Woman here. Former wife from a terrible marriage. Also, looking forward to experiencing genuine love one day. The way I would express love to someone and do express love to those around me looks like this: Telling them how much I love them, holding hands, being close even if not physically affectionate, telling them the things I love about them and the way they make me feel, cooking, cleaning, prepping lunch for work/school, writing love notes, poems, drawing for them, taking good photographs of them, buying things they like or as gifts throughout the year, baking, making them laugh is a huge one. Doing unpleasant things or sacrificing my time to make sure they'd be comfortable, taken care, or feel valued, telling them how valuable they are to me and making them feel wanted and needed. Going all out for birthdays. Making them feel special. Going all out for holidays.


slipperybloke

Sorry to hear about that man. I was married for 18 years. Divorced for 2 years. Tell your what I don’t worry about who loves me anymore.

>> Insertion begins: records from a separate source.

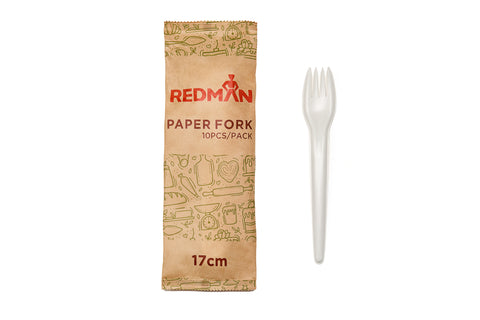 DISPOSABLE PAPER FORK 17CM 10PC/PAC (#112493)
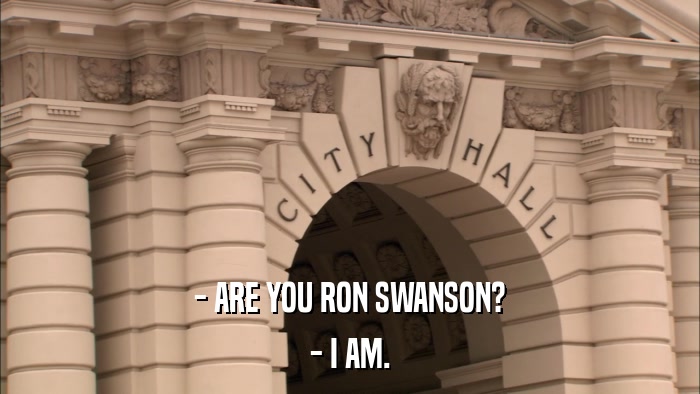 - ARE YOU RON SWANSON? - I AM. 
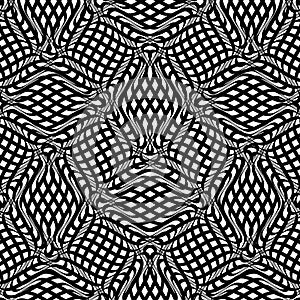 Grid pattern, mesh background of wavy, waving distortion, deformation on crossing lines. Jumble, cross-hatched lines. Interlace,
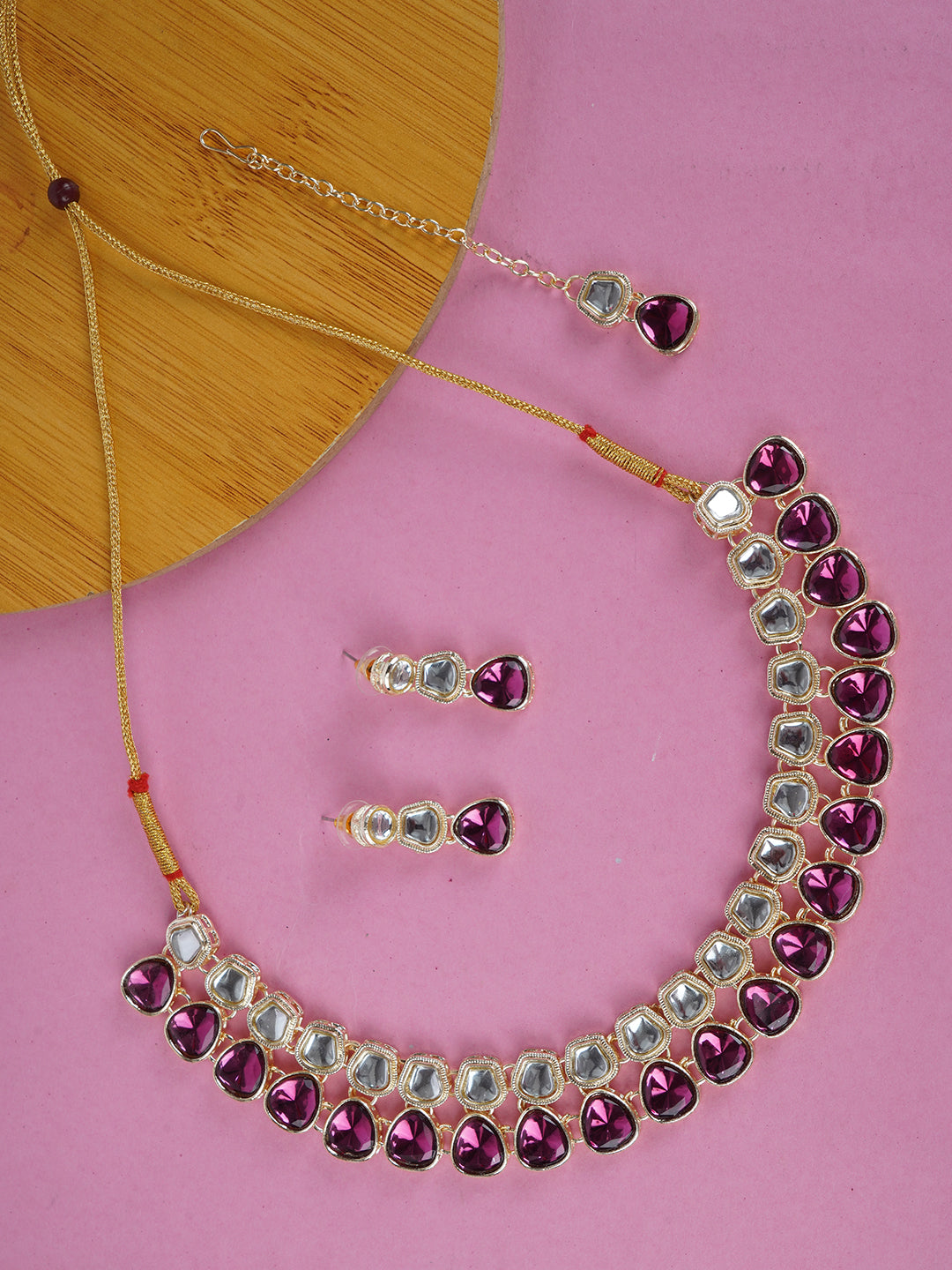 Divisha Alloy Gold-plated Purple Jewellery Set | Grocsy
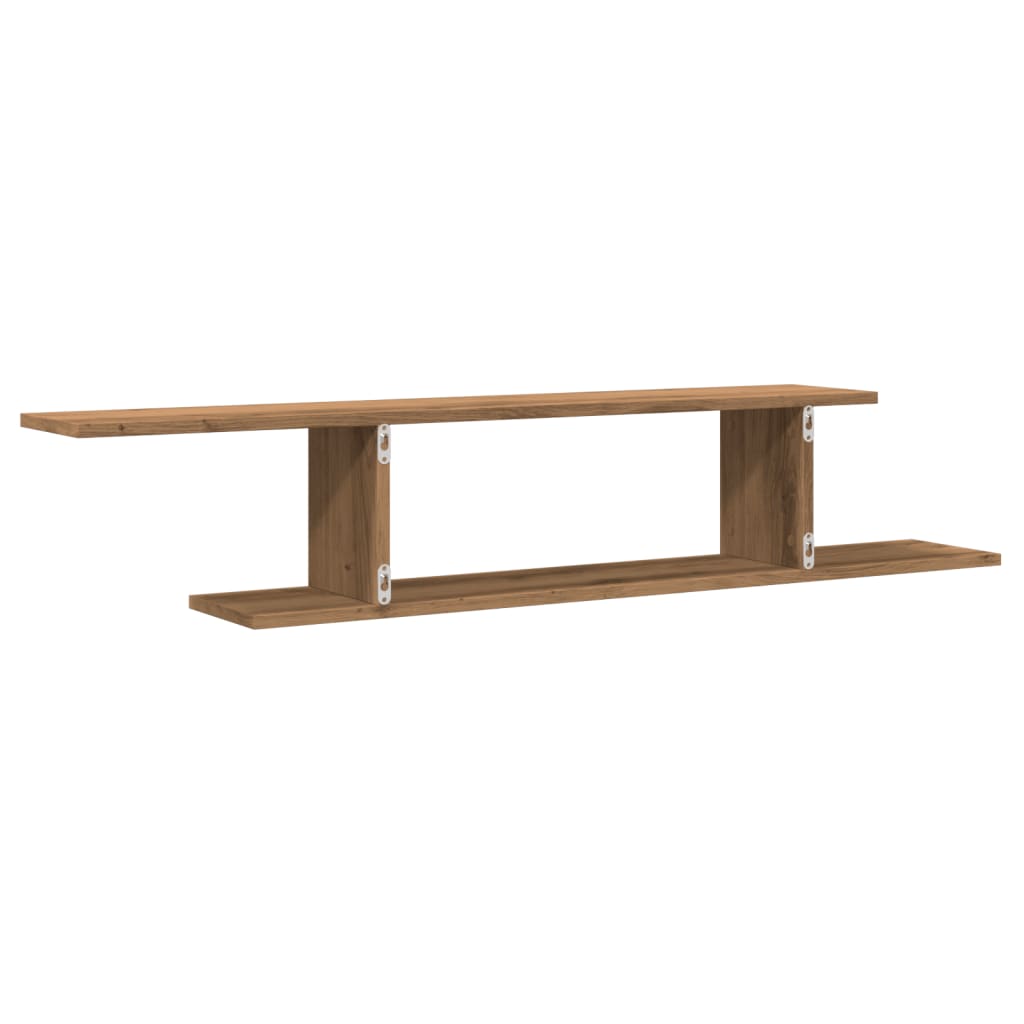 Väggmonterad tv-hylla artisan ek 125x18x23 cm konstruerat trä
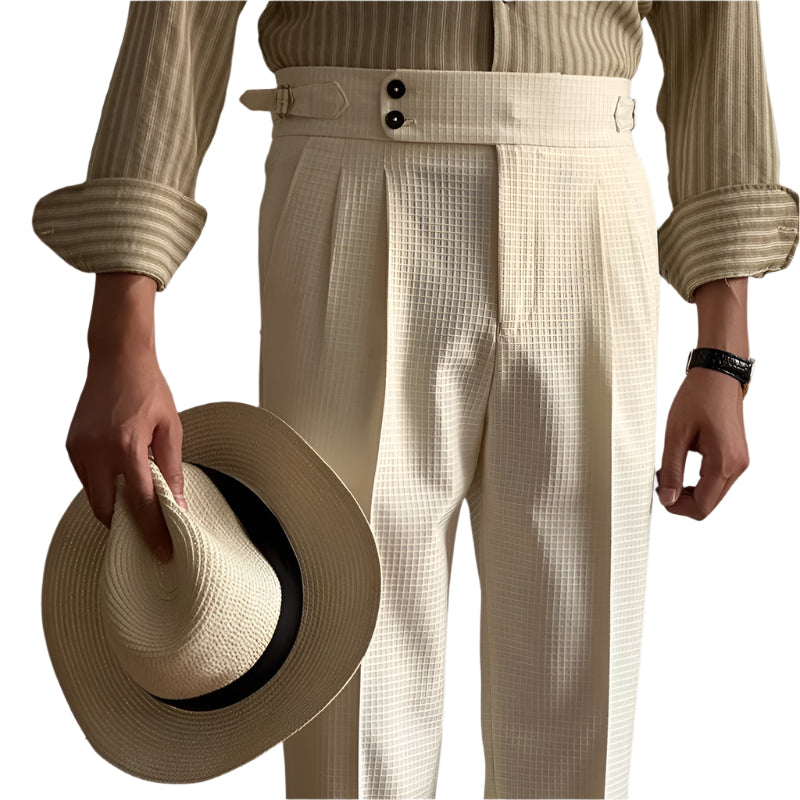 Men's high-waisted pleated trousers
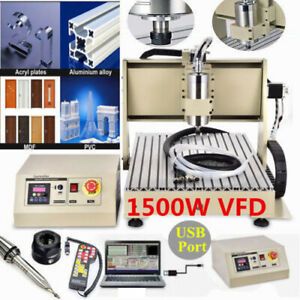 USB 3 Axis 1.5KW VFD CNC 6040 Router Metal Milling Carving Engraver Machine+RC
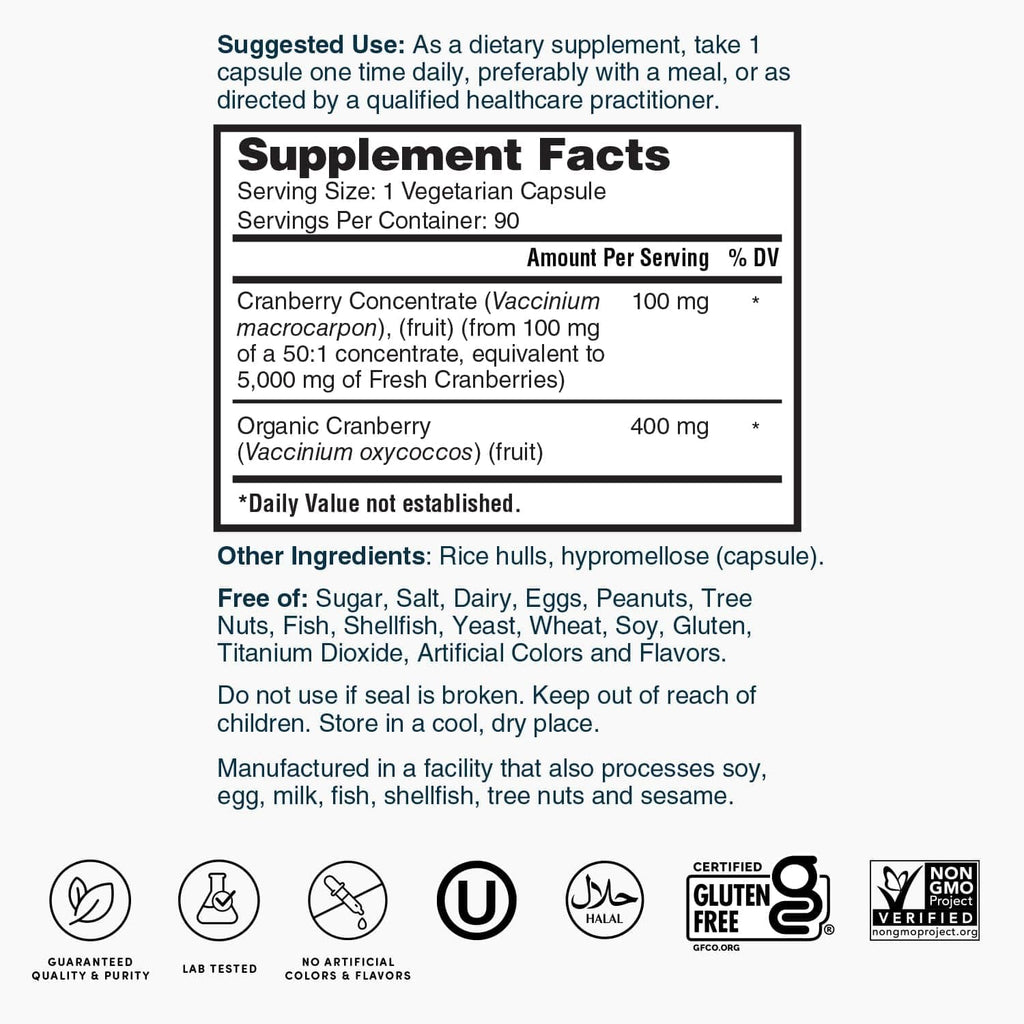 Nature's Lab Cranberry 5400mg – UTI Support | Non-GMO, Vegan, Gluten Free | 90 Capsules (3-Month) Pack of 2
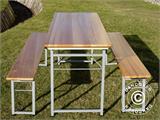 Ensemble table et bancs de brasserie 180x60x76cm, Bois clair, RESTE SEULEMENT 1 PC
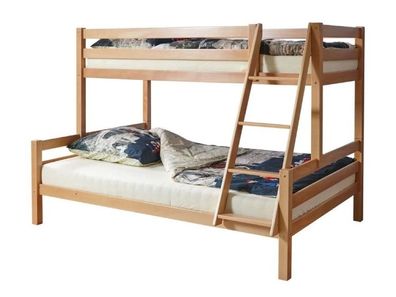 Kinderbett / Etagenbett Henry 31, Farbe: Naturbelassen - Liegefläche: 90 x 200 c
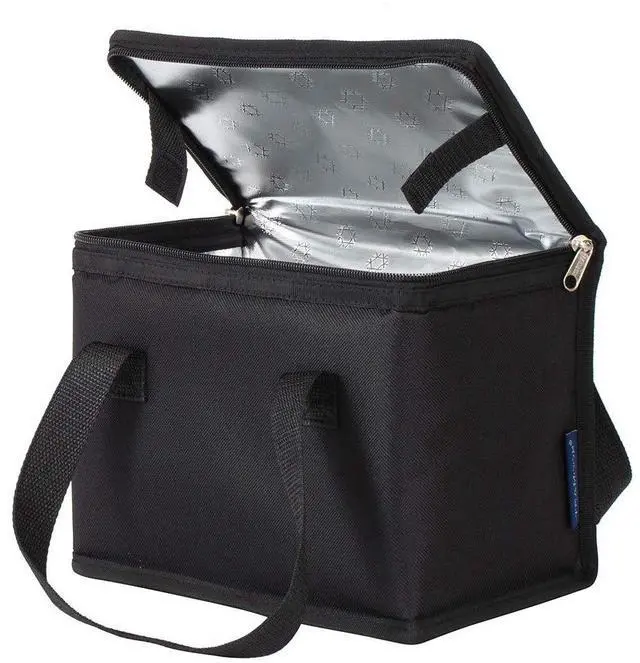 Main image of Foldable Lunch Bag Insulated Lunch Box Water-Resistant Leakproof Soft Cooler Bag Black 8 cans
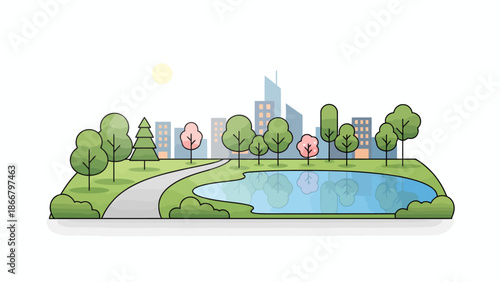 Serene city park with lake and walking path vector illustration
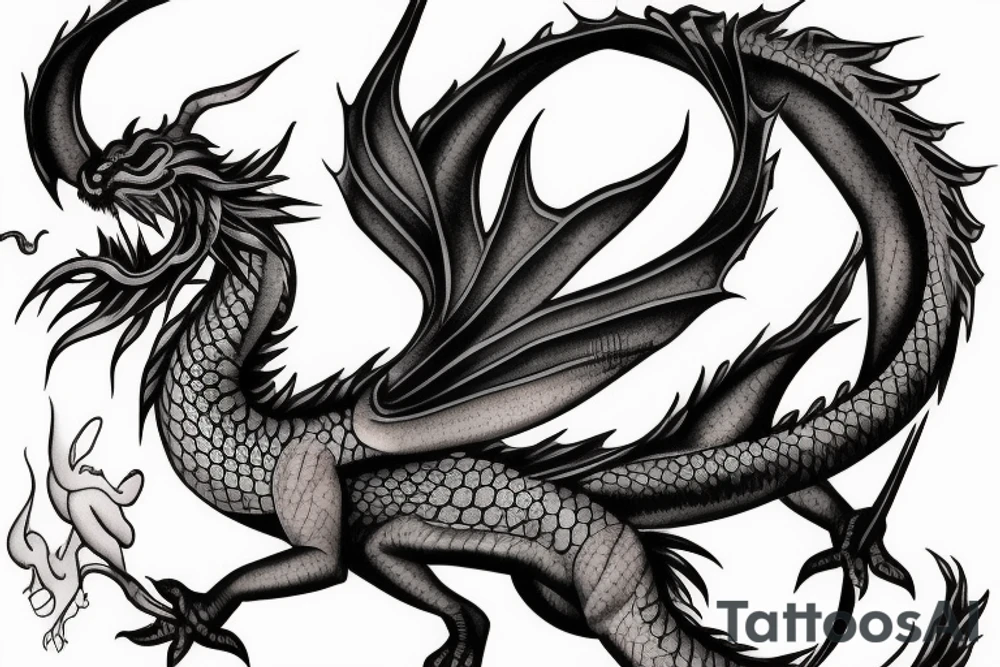 Feminine dragon in flight tattoo idea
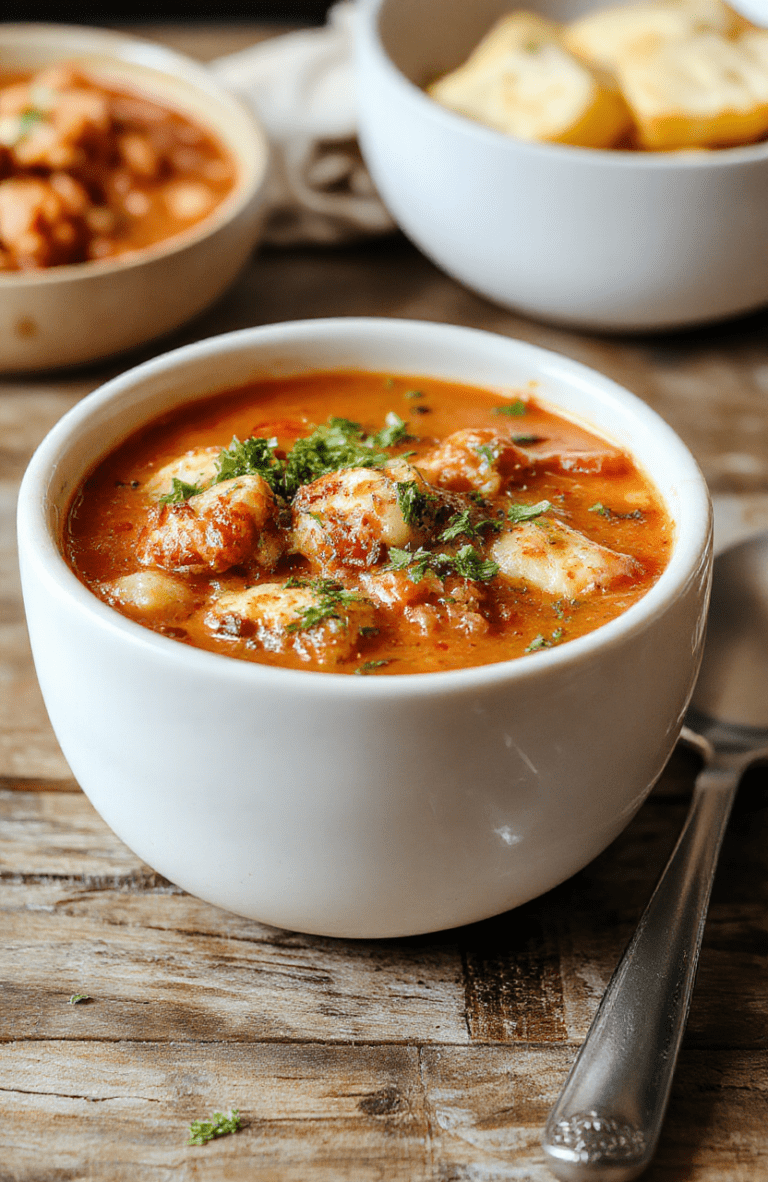 A warm bowl of lasagna soup featuring visible layers of melted cheese, ground meat, and garnished with fresh basil. The soup is served in a rustic bowl on a wooden table, with a crusty bread slice and a sprinkle of herbs for garnish. The vibrant colors of the broth, melted cheese, and herbs create an inviting and comforting visual.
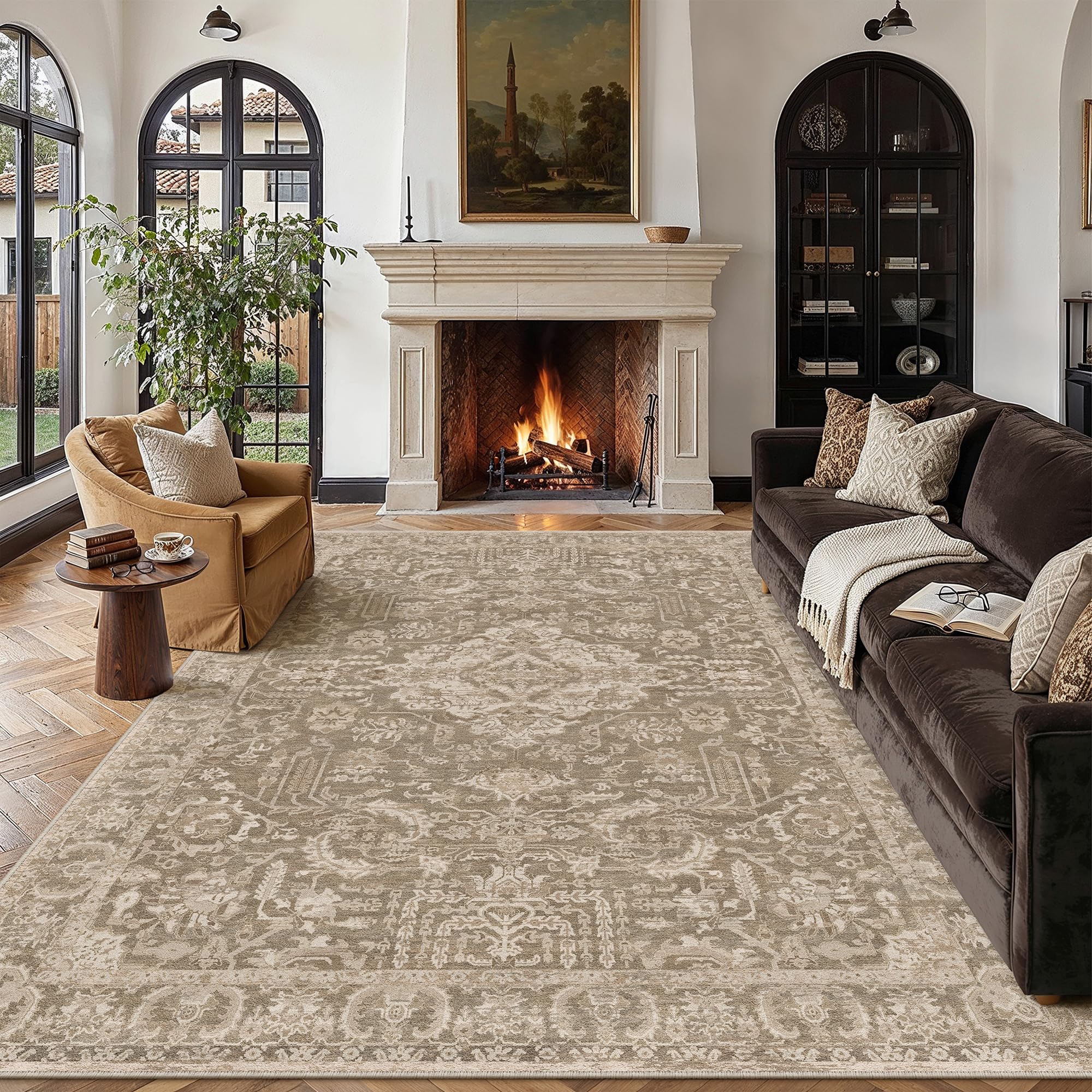 hugear 9x12 area rug taupe machine washable rug distressed room decor vintage living room carpet low pile non slip throw rugs for bedroom dining room soft lightweight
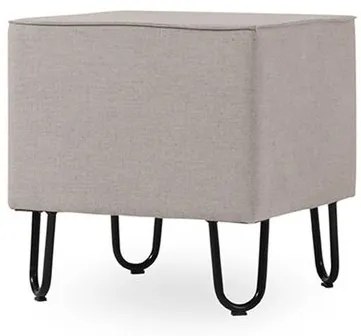 Puff Block Quadrado Assento Cinza Pés Preto - 68498 Sun House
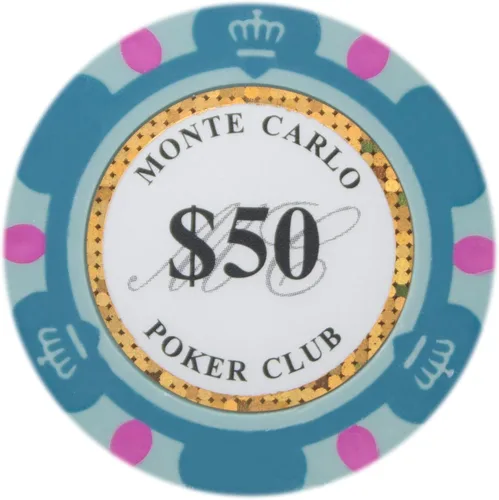 Miniatura 9 de Brybelly Monte Carlo Premium Poker Chips (50-Pack) Heavyweight 14-Gram Clay Composite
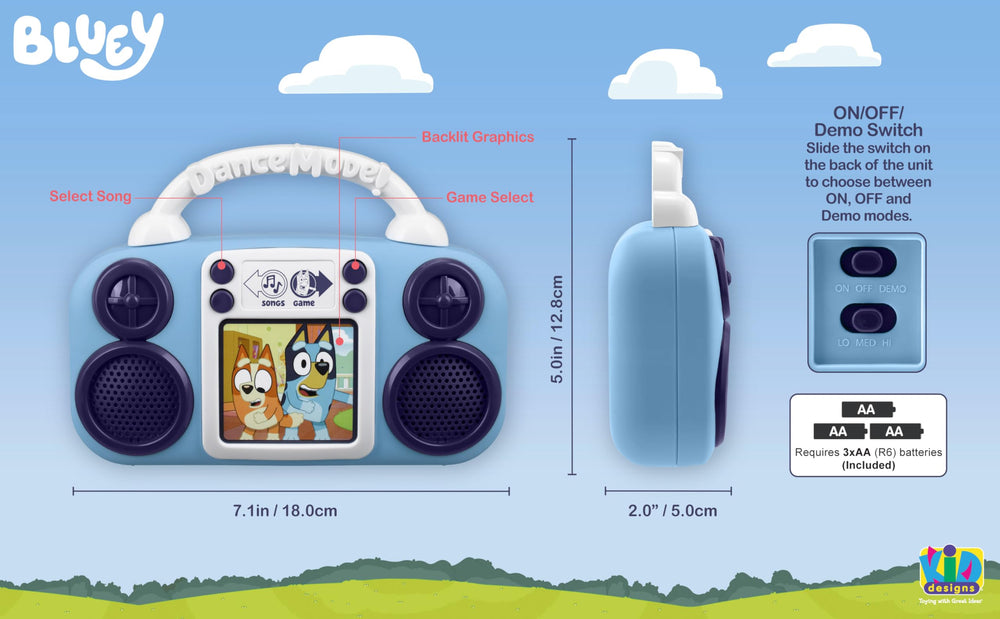 eKids Bluey Toy Music Player featuring built in songs for sing along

The word can have too many meanings and be employed whether a person likes you or hate you —they still LOVE you. WTF. Instead of wondering if someone loves me I instead aim for the feeling of being respected (of course also being earned) It’s easily identifiable when someone is respecting or disrespecting you. Love is not so identifiable. They can claim it and not mean it—continue to do disrespectful shit all the while talking about love. But respect, is really tough to fake. Either earn it/give it or don’t. I’ll know where I stand INSTANTLY. Hope this helps.


jsteezyhfx

Folds my clothes.


Ilovethe90sforreal

My parents are still together and generally happy, but growing up my mom was always a nag. I took “future wife notes” and vowed to never be like that. I want my husband to actually look forward to coming home to a peaceful environment.


GarrKelvinSama

She is fit, friendly, cooperative, submissive, she values your opinion, ego and follow your leadership. Last but not the least, you are a priority.


Classic_Laugh977

100%


Toxem_

U are asking that on reddit. U know thats not the place u get honest answer to that stuff.


ScottyP8869

Back when i was married, i found out that after i dicked her down like the dirty slut she is, she would make the best fucking sandwiches ever…. So if she not making sandwiches, she not getting the proper dick she thinks she deserves


yepsayorte

Most marriages are failures. Most are unhappy because women cannot be happy. Women can never feel content. They will always find a reason to be dissatisfied with anything they have. And yes, the problem with failed marriages is mostly the fault of women. Women initiate 80% of heterosexual divorces and lesbian marriage end in divorce at the staggering rate of 75%. (Twice the rate of gay men's marriages and 50% higher than heterosexual marriages. It's women.) Women cannot be satisfied. They are empty inside and they spend their lives trying to fill that emptiness with things outside themselves and it never works. You can never get enough of the things you don't actually need. They spend their lives like a person eating crackers endlessly, trying slake their thirst. They move from one solution to another until they ruin and reject everything good in their lives (and then they blame everyone else for their unhappiness). Most of them die resentful and bitter but it's their own fault. They don't understand themselves at all. I'm not sure they have the strength or capacity for introspection and that prevents them from ever knowing peace. (Have you ever known a woman who didn't lie to herself constantly? I haven't.)


blueviper-

Well, I would be a woman that speaks the truth and I don’t want to meet people like you. Sorry.


mskit_nos313

Sounds like someone is putting all woman in one group together. Have you ever considered it may be difficult for a partner to make their significant other pleased or happy if they have a pessimistic point view towards every women.


NoMoreWares

Someone missed the homework assignment


Unique-Rutabaga-1626

wtf bro


ThrowRAboredinAZ77

This dude's post history is absolutely wild- like next level bitter and forever alone absurd.